- Born: 1964 (age 61–62) China
- Education: Chengdu University of Science and Technology (now Sichuan University)
- Known for: Electrical power
- Awards: FREng (2004)
- Scientific career
- Fields: Electrical power
- Workplaces: University of Macau Zhejiang University Brunel University

Notes
- Rector, University of Macau

= Yonghua Song =

Chinese electrical engineer

Song Yonghua FREng (宋永华; born 1964) is a Chinese electrical engineer. He has been rector of the University of Macau since January 2018, and previously served as Executive Vice President at Zhejiang University.

== Education ==
Song was educated at Chengdu University of Science and Technology and received his M.S. and Ph. D degrees from the Electric Power Research Institute (EPRI) of China in 1987 and 1989.

== Career ==
From 1991 to 1992, Song was the Royal Society Visiting Fellow at the School of Mathematics, University of Bristol, UK and from 1992 to 1993, he was the research officer at the School of Electronic and Electrical Engineering and lecturer from 1993 to 1994 at the University of Bath, UK.

From 1997 to 2010, he was a Department of Electronic and Computer Engineering Professor, Brunel University, UK. He held the Royal Academy of Engineering/Nuclear Electric/Siemens Chair of Power Systems at Brunel from Jan 1997 to Dec 2001. In 2004, he was appointed the pro-vice-chancellor
for graduate studies at Brunel.

He became the pro-vice chancellor at the University of Liverpool in 2007, holding concurrently the post of executive president at Xi’an Jiaotong – Liverpool University in Suzhou, China. He was also a Changjiang Scholar and chair professor of Xian Jiaotong University in 2001.

In 2009, he was an assistant president and professor of electrical engineering at Tsinghua University. He was appointed Director of the Chinese National Recruitment Program of Global Experts (1000 Talents Program) Office until December 2012. In November 2012, he joined Zhejiang University as executive vice president and the founding dean of the International Campus.

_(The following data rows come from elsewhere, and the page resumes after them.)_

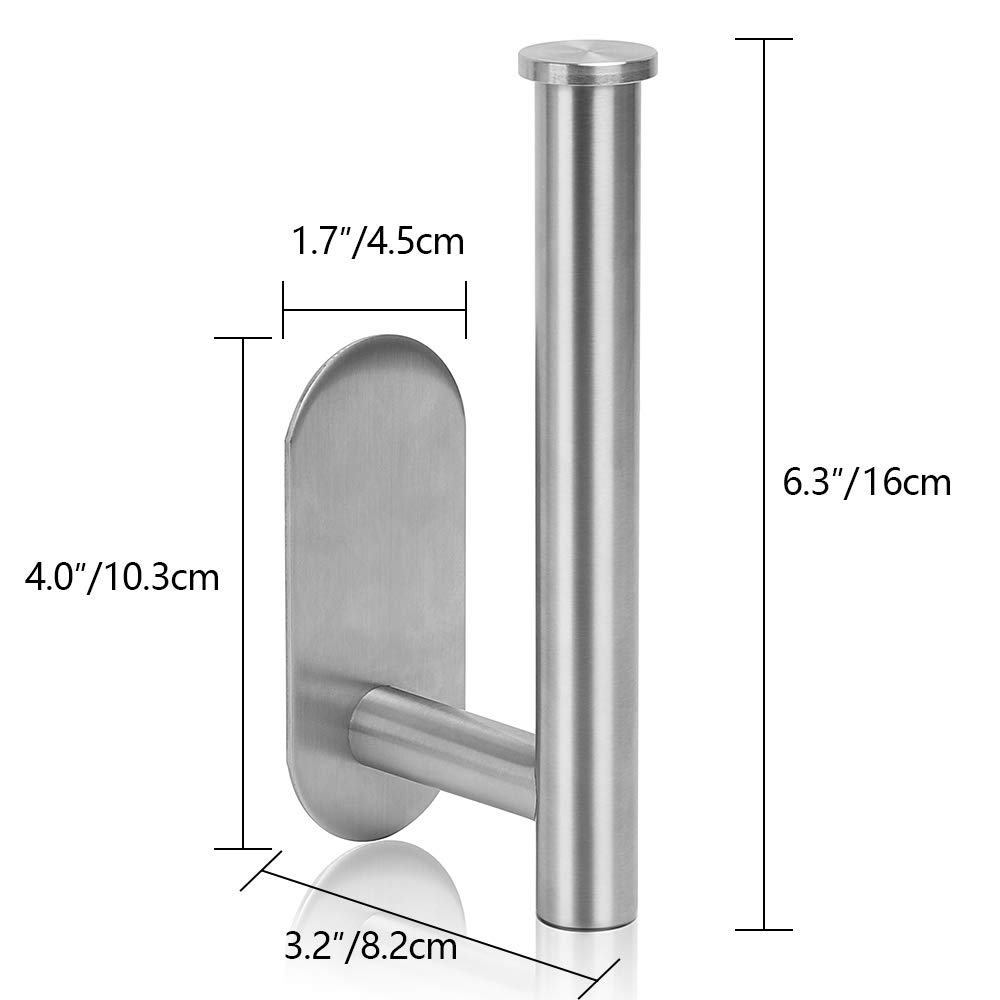 Toilettenpapierhalter Ohne Bohren-Aitere Selbstklebend Toilettenpapierrollenhalter Edelstahl Klopapierhalter Wc Halter Rollenhalter Papierhalter für Küche und Badzimmer(Haken als Geschenk)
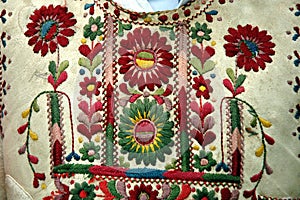 Traditional Romanian Hungarian costume detail with flower motif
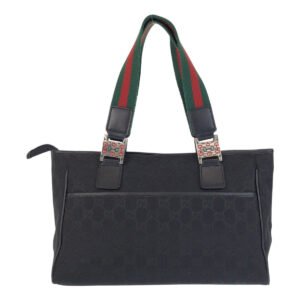 GUCCI Tote Bag GG canvas, leather black Tote Bag Shoulder Bag Sherry line Women Used | AlmaBagz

In January 2018, he was appointed Rector (President) of the University of Macau, succeeding Wei Zhao.

== Research ==
His research focuses on power system analysis, flexible alternating current transmission systems(FACTS) control, steady-state and transient state power system analysis, simulation and analysis of power systems.

== Awards ==
- Fellow, UK Royal Academy of Engineering (2004)
- Honorary Doctor of Engineering, University of Bath, UK
- Fellow, IEEE in 2008 for contributions to optimization techniques for power systems.